Stage 6: NPC Assignment
NPC assignment works differently for unique and non-unique NPCs.
Unique NPCs
Each unique NPC (e.g. a named merchant or a quest-specific character) is placed in exactly one randomly chosen area, excluding the spawn area and any NPCs that have the quest flag set (those are placed by the quest step rules instead). The unique NPC's level is drawn from the host area's level ±1, weighted towards the area's own level:
| Level relative to area | Weight |
|---|---|
| area level − 1 | 0.2 |
| area level | 0.6 |
| area level + 1 | 0.2 |
For level-1 areas, the −1 option is dropped.
Non-unique NPCs
Non-unique NPCs (e.g. goblin warriors) can spawn multiple times across the map. For each non-spawn area, the engine calculates an enemy budget between ⌊level / 2⌋ and level. It then iterates over all non-unique NPC prototypes and, with probability proportional to the area level, creates a new instance and assigns it to that area. Higher-level areas get more enemies and have a higher chance of spawning each prototype.

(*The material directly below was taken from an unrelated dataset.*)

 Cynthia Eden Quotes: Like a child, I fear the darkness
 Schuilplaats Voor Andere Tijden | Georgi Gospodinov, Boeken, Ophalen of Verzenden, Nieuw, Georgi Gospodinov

Each instance is created through NPC.create_instance(), which deep-copies the prototype and scales its stats:
The instance also receives a random coin purse and a randomly populated inventory drawn from the prototype's object list, both scaling with level. Each instance gets a unique ID (e.g. npc_goblin_warrior_0, npc_goblin_warrior_1) so the engine can track them individually.
Spawn area NPCs
If the world definition specifies NPCs under initializations.spawn.npcs, those are placed in the spawn area after clearing any randomly assigned NPCs.
Dynamic World Expansion
Beyond the initial synthesis, world.py also supports expanding the world graph at runtime through World.expand(). When the auto_expansion feature is enabled, the WorldExpansionStepRule can call this method to add new places, areas, objects, and NPCs on the fly as the agent explores boundary regions.
The expansion pipeline mirrors the initial synthesis: it parses new entity definitions, creates place and area instances, connects them to the existing graph by bridging to the furthest reachable area from the spawn point, and then populates the new areas with objects and NPCs. The bridge is always unlocked so the agent can reach the new content immediately.
Each new area is populated with a mix of objects assigned by the LLM that generated the expansion, existing objects selected by level proximity as a fallback, and new expansion-specific craft materials. NPC assignment follows the same level-scaled budgeting logic as the initial synthesis.
Seeding and Reproducibility
World.generate() derives six independent random generators from the single input seed, one for each concern: NPC parsing, place instantiation, intra-place connections, inter-place connections, object distribution, and NPC assignment. This design means that changes to one part of the world definition (say, adding a new object) do not cascade into different NPC placements or graph topologies. As long as the seed stays the same and you only modify one entity category, the rest of the world remains stable.